Terjadi perebutan kekuasaan setelah Maulana Yusuf wafat (1570). Pangeran Jepara merasa berkuasa atas Kesultanan Banten daripada anak Maulana Yusuf yang bernama Maulana Muhammad karena Maulana Muhammad masih terlalu muda. Akhirnya Kerajaan Jepara menyerang Kesultanan Banten. Perang ini dimenangkan oleh Kesultanan Banten karena dibantu oleh para ulama.
Puncak kejayaan
Kesultanan ram dan serta wilayah yang sekarang menjadi provinsi Lampung. Piagam Bojong menunjukkan bahwa tahun 1500 hingga 1800 Masehi Lampung dikuasai oleh kesultanan Banten.
Masa kekuasaan Sultan Haji
Pada zaman pemerintahan Sultan Haji, tepatnya pada 12 Maret 1682, wilayah Lampung diserahkan kepada VOC. seperti tertera dalam surat Sultan Haji kepada Mayor Issac de Saint Martin, Admiral kapal VOC di Batavia yang sedang berlabuh di Banten.

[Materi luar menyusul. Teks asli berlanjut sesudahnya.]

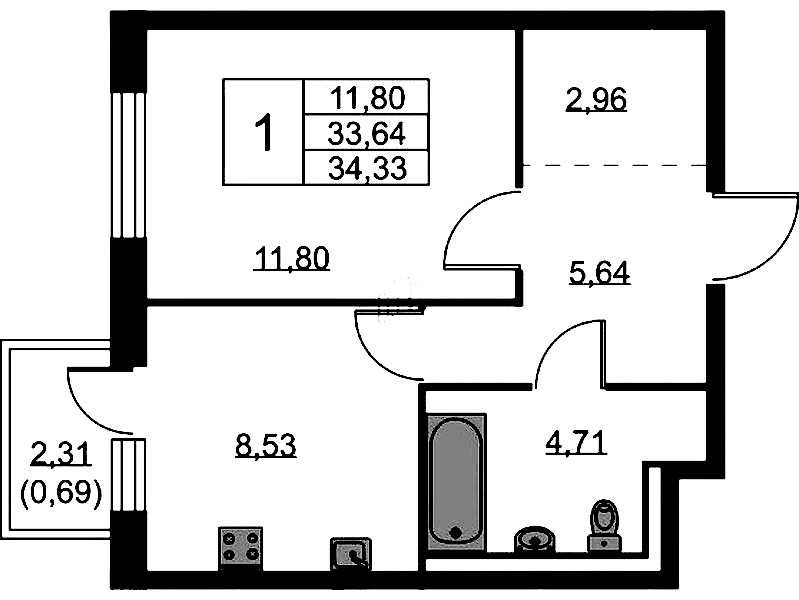 1-комнатная квартира 34.33 м², 2/9 эт., ЖК «Квартал Лаголово»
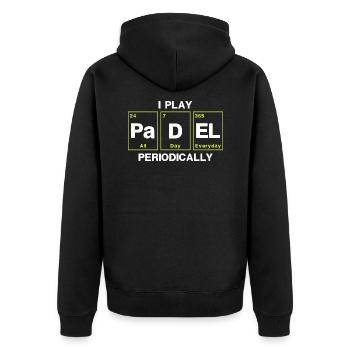 I Play Padel Periodically Padel Player Padeltennis - Unisex Premium Organic Zip Hoodie - black - Back - Nico (187cm)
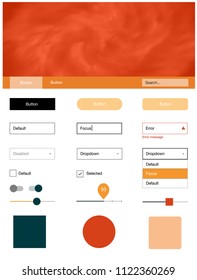Light Red, Yellow vector web ui kit with nebula stars. Colorful ui/ux kit with header consisted of clouds & stars. Beautiful layout for websites, landing pages.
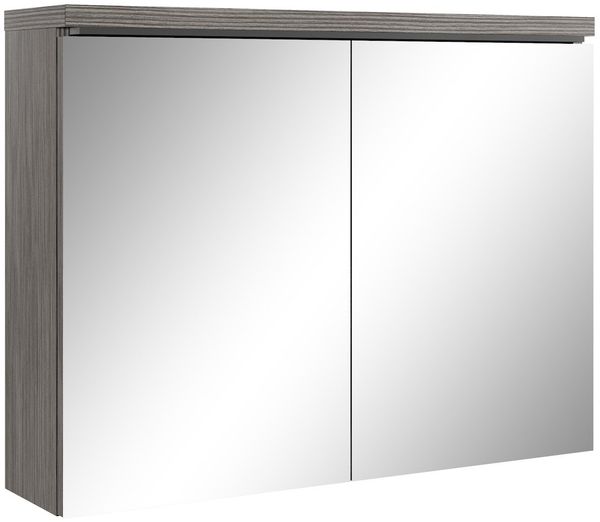 Badplaats Spiegelschrank Paso 80x60 cm Grau Eiche - Badezimmerschrank mit Spiegel und 2 Türen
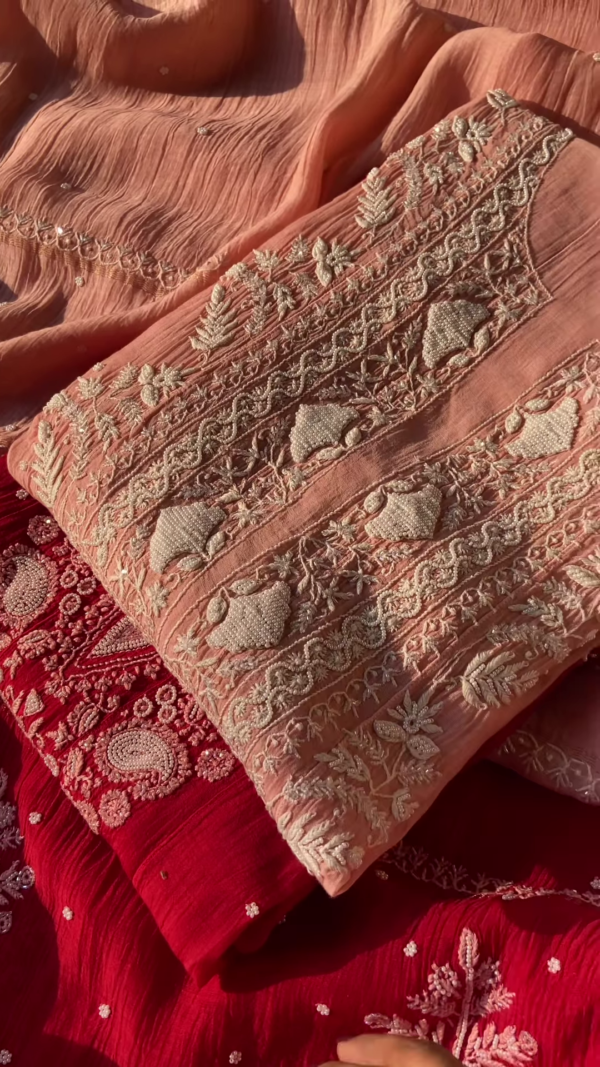 Crimson Embroidered Chikankari Unstitched Suit Set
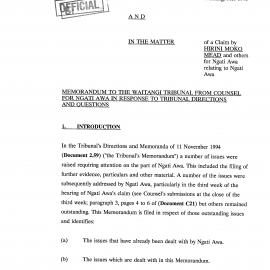 Wai 46_INQ_G007_Memo to the Waitangi Tribunal from Counsel for Ngati Awa in response to Tribunal Directions & Questions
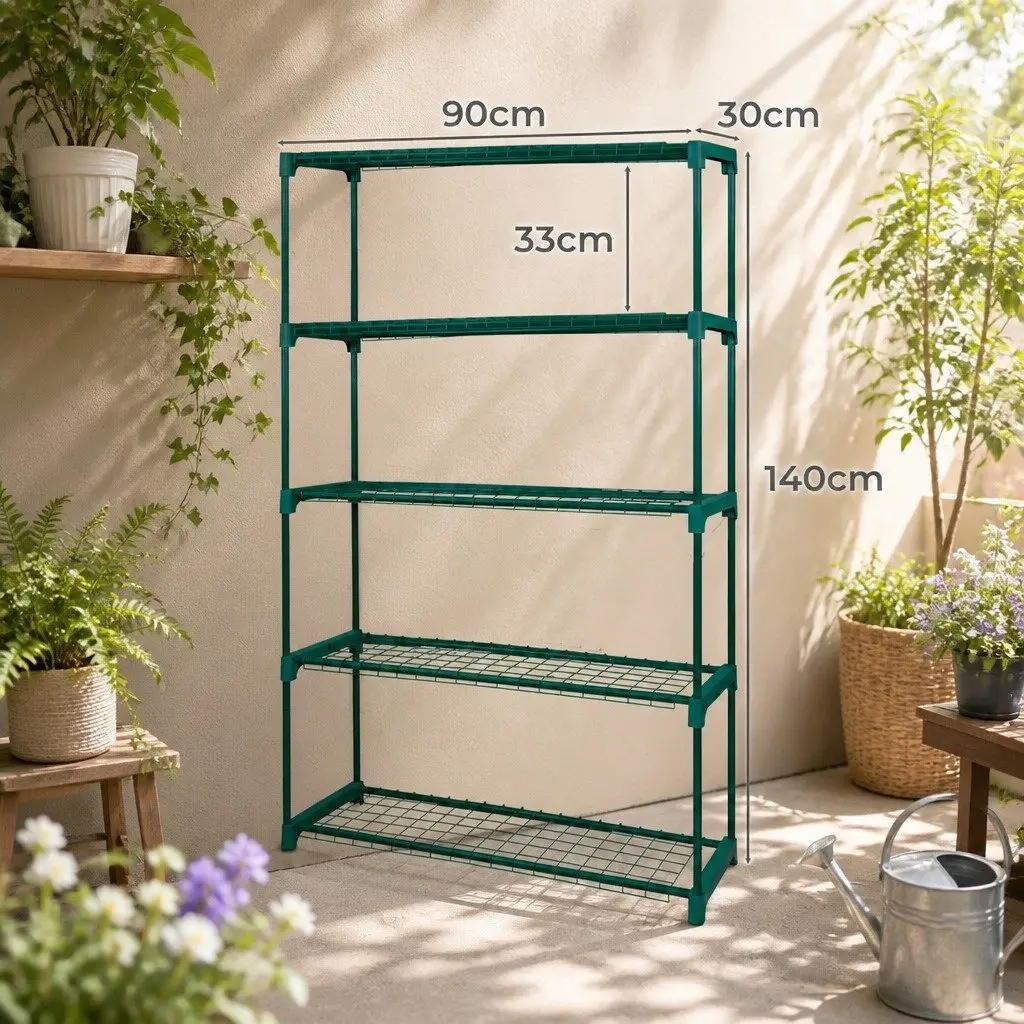 5 Tier Plant Stand Metal Garden Shelf Outdoor Indoor Balcony Organiser 90cm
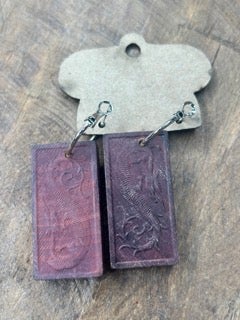 Art by Amy- Wooden Domino Earrings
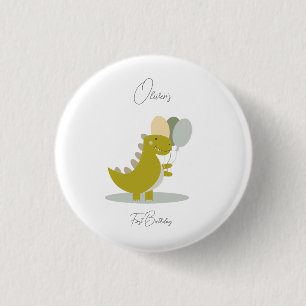 Badge Rond 2,50 Cm Dinosaure jaune vert gris premier anniversaire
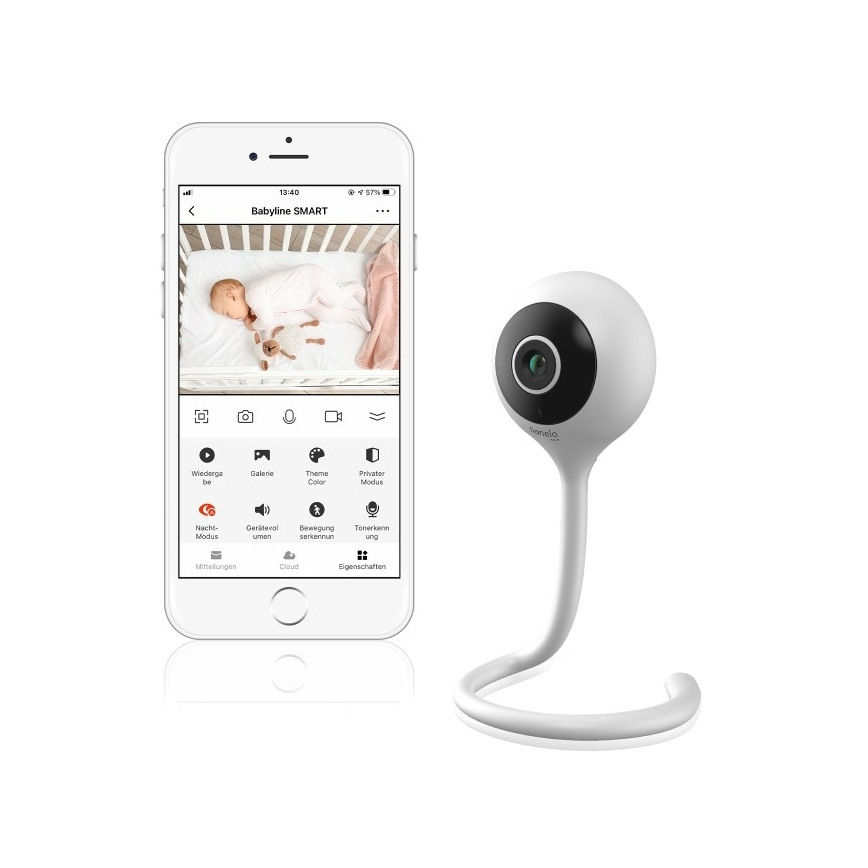 Lionelo - Pametan bebi-fon BABYLINE SMART Wi‑Fi White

Surat itu kemudian dikuatkan dengan surat perjanjian tanggal 22 Agustus 1682 yang membuat VOC memperoleh hak monopoli perdagangan lada di Lampung.
Penghapusan kesultanan
Kesultanan Banten dihapuskan tahun 1813 oleh pemerintah kolonial Inggris. Pada tahun itu, Sultan Muhamad Syafiuddin dilucuti dan dipaksa turun takhta oleh Thomas Stamford Raffles. Tragedi ini menjadi klimaks dari penghancuran Surasowan oleh Gubernur-Jenderal Belanda, Herman William Daendels tahun 1808

Kesultanan Cirebon
Kesultanan Cirebon adalah sebuah kesultanan Islam ternama di Jawa Barat pada abad ke-15 dan 16 Masehi, dan merupakan pangkalan penting dalam jalur perdagangan dan pelayaran antar pulau. Lokasinya di pantai utara pulau Jawa yang merupakan perbatasan antara Jawa Tengah dan Jawa Barat, membuatnya menjadi pelabuhan dan "jembatan" antara kebudayaan Jawa dan Sunda sehingga tercipta suatu kebudayaan yang khas, yaitu kebudayaan Cirebon yang tidak didominasi kebudayaan Jawa maupun kebudayaan Sunda.
Sejarah
Menurut Sulendraningrat yang mendasarkan pada naskah Babad Tanah Sunda dan Atja pada naskah Carita Purwaka Caruban Nagari, Cirebon pada awalnya adalah sebuah dukuh kecil yang dibangun oleh Ki Gedeng Tapa, yang lama-kelamaan berkembang menjadi sebuah desa yang ramai dan diberi nama Caruban (Bahasa Sunda: campuran), karena di sana bercampur para pendatang dari berbagai macam suku bangsa, agama, bahasa, adat istiadat, dan mata pencaharian yang berbeda-beda untuk bertempat tinggal atau berdagang.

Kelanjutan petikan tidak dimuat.